白川櫻も立ち上がって黒川美月の足の傷を確認し、思わず不満を漏らした。「あの時、しろちゃんを連れて帰って育てるべきじゃないって言ったでしょう。見てよ、今どうなってるの?美月の面倒も見られないなんて!」

「まあまあ、しろちゃんも故意じゃないよ」黒川徹は優しく諭すように言った。「傷は浅いから、数日で治るよ。美月のダンスにも影響ないだろう」

黒川美月は急いで頷いた。「ママ、数日休めば大丈夫だよ」

白川櫻は仕方なく溜息をついた。「今はそうするしかないわね…」

黒川浩二は階段口まで来たとき、思わず足を止め、横目で食堂の方を見た後、うつむいて一人で階段を上がっていった。

「ちょっと!」これを見ていた坂本加奈は怒り心頭だった。「どうしてこんなことするの?浩二がやったわけじゃないのに、どうして説明を聞いてあげないの?」

誰も彼女の言葉を聞くことができず、坂本加奈は怒って足を踏み鳴らし、それでも階段を上がって黒川浩二の後を追い、部屋に入っていった。

彼は机に上がり、窓際に寄りかかって座り、手に持った飛行機の模型を空中で飛ばしていた。

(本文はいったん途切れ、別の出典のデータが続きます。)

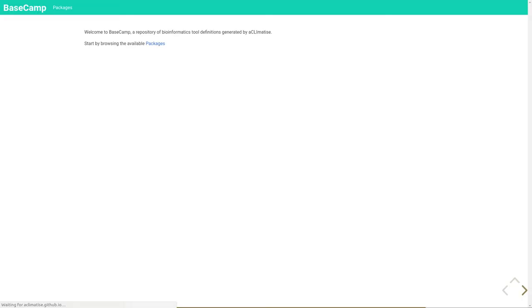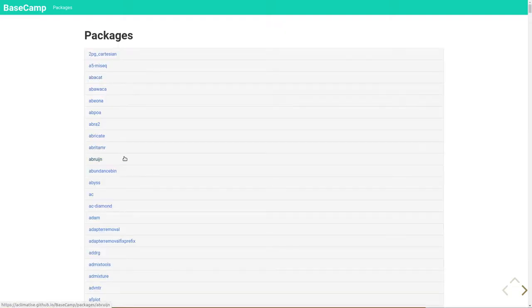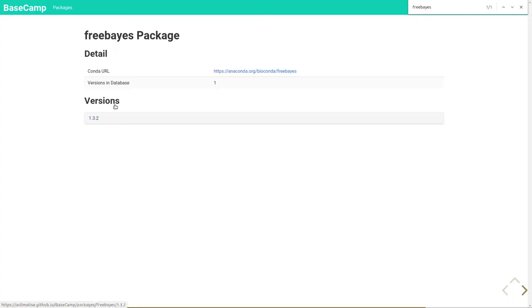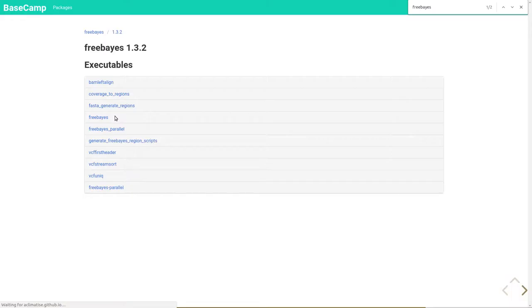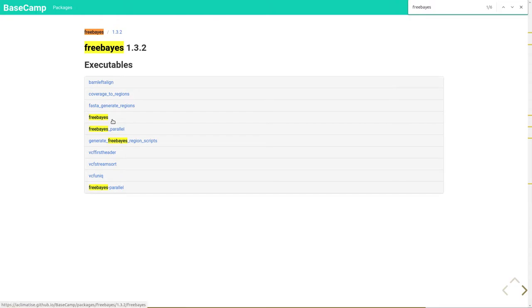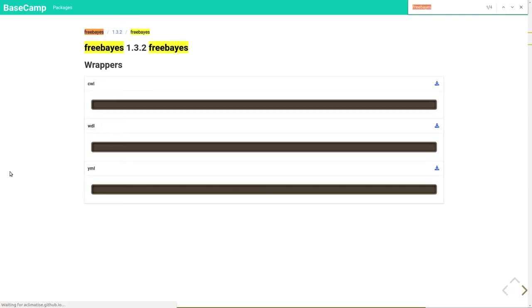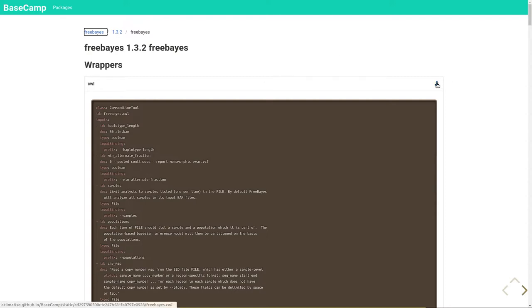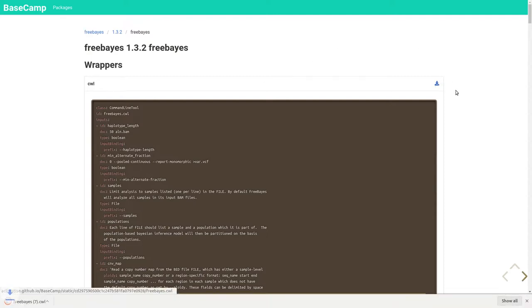Here, I'll demonstrate using Basecamp to download a tool definition for the freebayes variant caller. On this page, you can see nearly 8,000 Bioconda packages that have been converted. Within each package is a list of versions that have been converted. Within this is a list of each executable file within the package. And finally, on this page is a list of tool definitions in the different workflow formats. You can easily download one of these using the download button and integrate them into a portable workflow.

まるでそうすることで、彼は自由で束縛のない存在になれるかのように。

坂本加奈は机の傍に歩み寄り、澄んだ瞳に涙が滲んできた。「浩二、悲しまないで!あなたは何も悪くないの。悪いのは他の人たちよ…」

彼女は前に出て黒川浩二を抱きしめようとしたが、どうしても触れることができなかった。

どんなに頑張っても、彼を抱きしめることはできない。

涙が抑えきれずに零れ落ちた。

しばらくして、ドアをノックする音が聞こえた。

黒川浩二は机から降りて、ドアを開けに行った。

黒川徹が食事の載った盆を持って入ってきた。「お腹すいただろう?パパが特別にキッチンに作らせたんだ。早く食べなさい」

黒川浩二は机の上に置かれた食事を見て、首を振った。「お腹すいてない」

「バカな子だな。人は鉄、飯は鋼だよ。一食抜くと体がもたない」黒川徹は彼を見下ろして、優しく言った。「食べないわけにはいかないだろう?」

黒川浩二は黙ってうつむき、何も言わなかった。